Items listed in a dataset
--

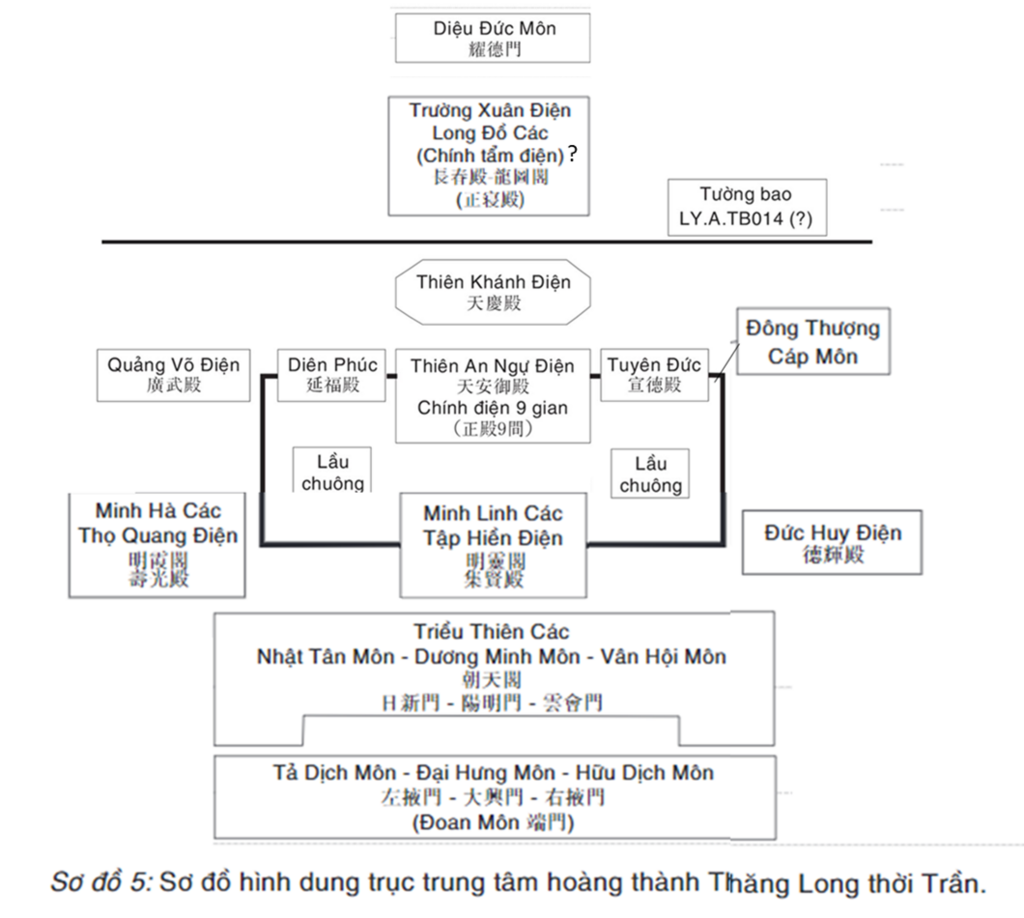 Mô phỏng tưởng tượng về quy hoạch Hoàng thành Thăng Long thời Trần dựa trên sử liệu (Nguồn: Nhà nghiên cứu Phạm Lê Huy và một số chỉnh sửa, bổ sung thêm)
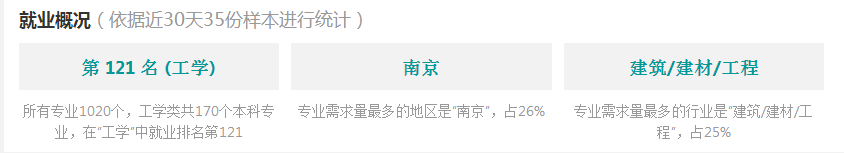 2016港口航道與海岸工程分析與就業(yè)前景 第5張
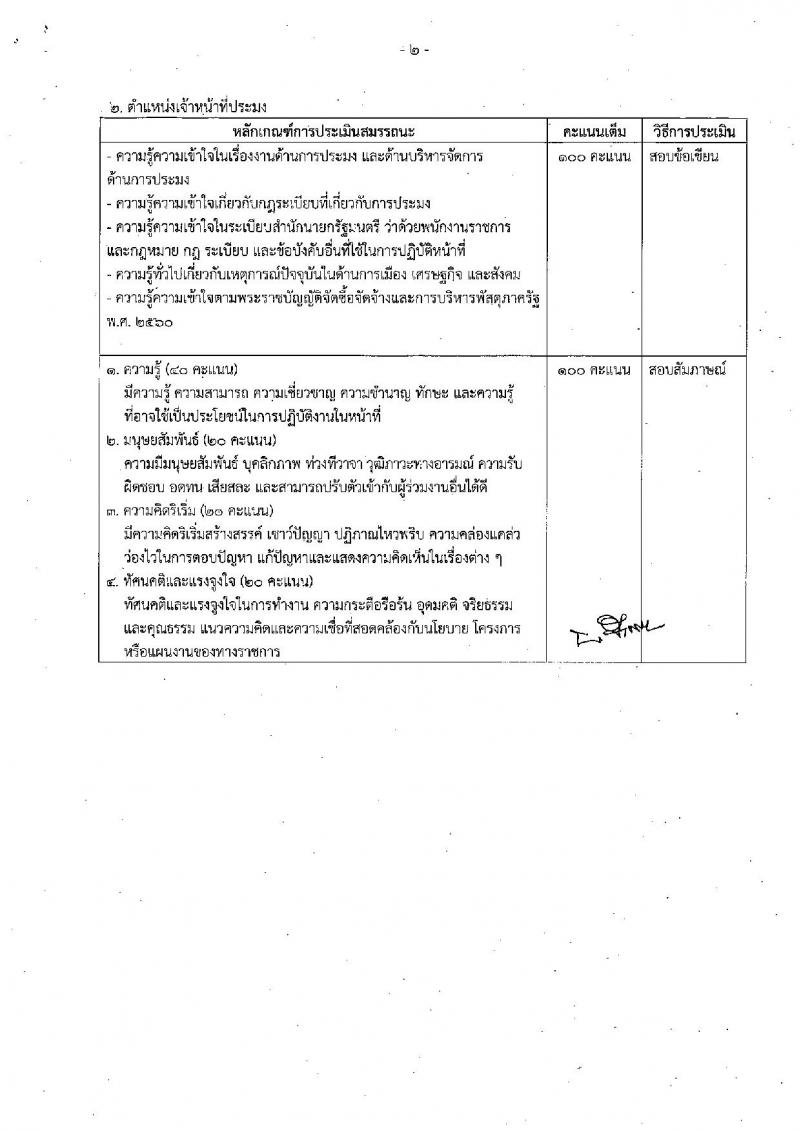 กรมประมง (จังหวัดนครสวรรค์) ประกาศรับสมัครบุคคลเพื่อเลือกสรรเป็นพนักงานราชการทั่วไป จำนวน 2 อัตรา (วุฒิ ปวช. ป.ตรี) รับสมัครสอบตั้งแต่วันที่ 19-27 เม.ย. 2561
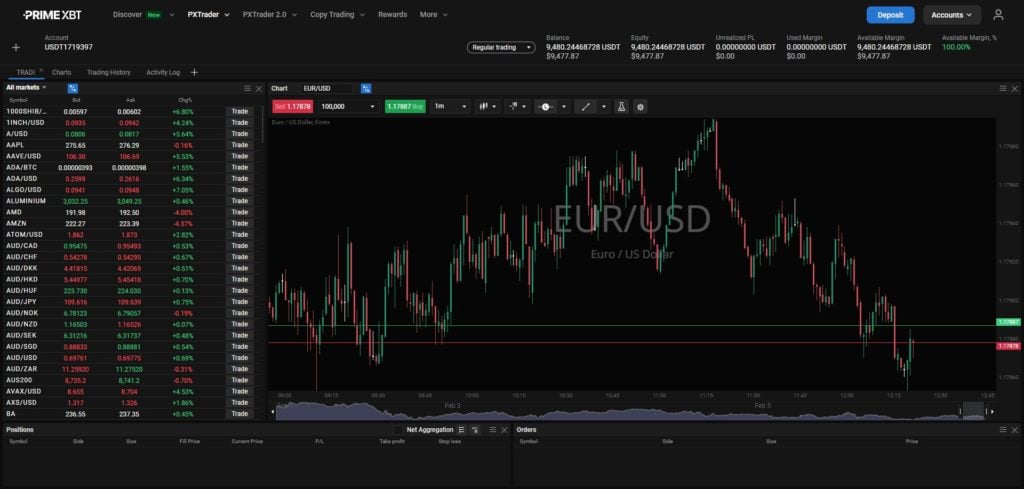 TradFi: Go beyond crypto and diversify your trading - download 3 1024x489
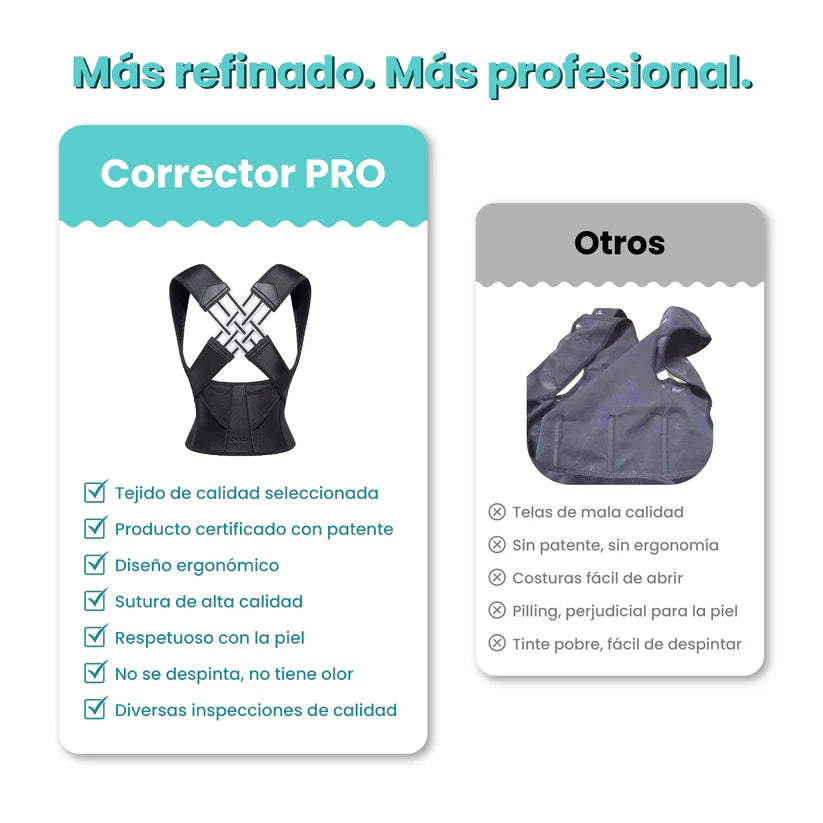 PostureFix® - Corrector de Postura Unisex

--

Write out, word for word, only the lines from the one containing "2016港口航道與海岸工程分析與就業(yè)前景 第5張" to the end of the data above; the pictures stay out.

 2016港口航道與海岸工程分析與就業(yè)前景 第5張
 กรมประมง (จังหวัดนครสวรรค์) ประกาศรับสมัครบุคคลเพื่อเลือกสรรเป็นพนักงานราชการทั่วไป จำนวน 2 อัตรา (วุฒิ ปวช. ป.ตรี) รับสมัครสอบตั้งแต่วันที่ 19-27 เม.ย. 2561
 TradFi: Go beyond crypto and diversify your trading - download 3 1024x489
 PostureFix® - Corrector de Postura Unisex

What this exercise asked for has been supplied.